# Er hat sie angelogen.



## user625148

Hola, 

Por lo que tengo entendido, el acusativo se usa para el c. directo y el dativo para el c. indirecto. 
No entiendo por qué en la siguiente frase se usa un pronombre en acusativo cuando está sustituyendo al c. indirecto. 

Er hat *sie* gelogen -> Él mintió a ella/ Él le mintió -> le = C. indirecto.

Por qué no es "Er hat ihr gelogen"?

Gracias.


----------



## Tonerl

user625148 said:


> Er hat *sie* gelogen





user625148 said:


> "Er hat ihr gelogen"



*Er hat sie "angelogen"*


----------



## anahiseri

1) Como ha explicado  Tonerl, hay que usar el verbo *anlügen.

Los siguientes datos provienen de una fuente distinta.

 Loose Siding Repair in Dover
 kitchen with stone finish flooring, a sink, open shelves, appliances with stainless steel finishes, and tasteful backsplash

2) *es cierto que el dativo corresponde al c. indirecto y el acusativo al c. directo
pero que un verbo lleve en español C.D  no asegura que también lo lleve en alemán. 
A veces coinciden los casos, a veces no.


----------



## Peterdg

El problema es que "mentir" en español no funciona de la misma manera que "lügen" en alemán.

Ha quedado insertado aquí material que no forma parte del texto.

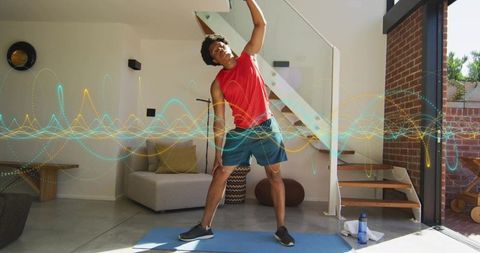 Man Doing Lateral Stretch on Blue Mat in Modern Living Room with Fitness Waveforms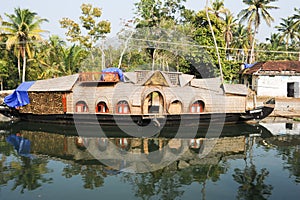 Traditional Indian houseboat cruising near Alleppey on Kerala ba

Por eso, en tu ejemplo, no es posible usar "lügen"; hay que usar "anlügen".


----------



## elroy

anahiseri said:


> A veces coinciden los casos, a veces no.


Exacto.

El ordenador *le* costó mil euros.
Der Rechner kostete *ihn* 1000 Euro.

*Le* pregunté qué edad tenía.
Ich fragte *ihn*, wie alt er sei. 

Esta alumna miente mucho, no *la* creo.
Diese Schülerin lügt oft, ich glaube *ihr* nicht.

El edificio *lo* impresionó.
Das Gebäude imponierte *ihm*.


----------



## Alemanita

elroy said:


> Esta alumna miente mucho, no *la* creo.
> Diese Schülerin lügt oft, ich glaube *ihr* nicht.


Interesante,
Yo diría:
Esta alumna miente mucho. No *le* creo.
Esta alumna me presentó una excusa (por qué faltó el otro día). No (se)* la* creo.


----------



## anahiseri

Alemanita said:


> Interesante,
> Yo diría:
> Esta alumna miente mucho. No *le* creo.
> Esta alumna me presentó una excusa (por qué faltó el otro día). No (se)* la* creo.


A mí me pasa lo mismo, me entra la duda con muchos verbos españoles. Tampoco estoy segura de sí se dice "yo la ayudo"   o "yo le ayudo". Supongo que esto nos ocurre a muchos hispanohablantes (de hecho se habla de laismo y de leismo) porque nuestra lengua en realidad no se declina, solo quedan estos vestigios en los pronombres, y entonces con el tiempo vamos perdiendo la intuición del caso correcto.


----------



## anahiseri

Por cierto, en el DRAE pone que "creer" es intransitivo con respecto a la persona, o sea: yo le creo a ella.


----------



## Alemanita

anahiseri said:


> "yo la ayudo" o "yo le ayudo".


En este caso yo lo uso así: 
Ella necesita mi ayuda, por eso la ayudo.
Veo a una anciana cargando una bolsa muy pesada y pregunto: ¿La ayudo, señora?
Ella quiere cocinar y yo le ayudo a cortar la verdura.
Veo a una anciana que quiere cruzar la calle y pregunto: ¿Le ayudo a cruzar la calle, abuela?
Saluditos.-


----------



## Peterdg

anahiseri said:


> Por cierto, en el DRAE pone que "creer" es intransitivo con respecto a la persona, o sea: yo le creo a ella.


Las dos posibilidades son correctas: "No la/le creo".

Eso es lo que dice el DPD (Diccionario panhispánico de dudas).


> *Cuando aparece únicamente el complemento de persona*, este puede interpretarse de dos modos: *como indirecto*, suponiendo una omisión del complemento directo por consabido: _«La rubia más alta respondió “sí”_ [...]_. Nadie le creyó»_ (_Clarín_ [Arg.] 3.2.97); *o como directo*: _«Lo dijo con tanta seriedad que todo el mundo la creyó»_ (Ocampo _Cornelia_ [Arg. 1988]). *Esta última construcción, perfectamente correcta*, admite sin problemas la pasiva: _«En sus ojos brillaba la necesidad de ser creída»_ (Mendoza _Verdad_ [Esp. 1975]).


(La negrita es mía)


----------



## user625148

Gracias a todos por las respuestas. El tema de los pronombres con dativo/acusativo es uno de mis puntos pendientes porque no consigo entenderlo. Si conocéis algún lugar donde se explique bien, agradecería mucho que me lo comunicarais.


----------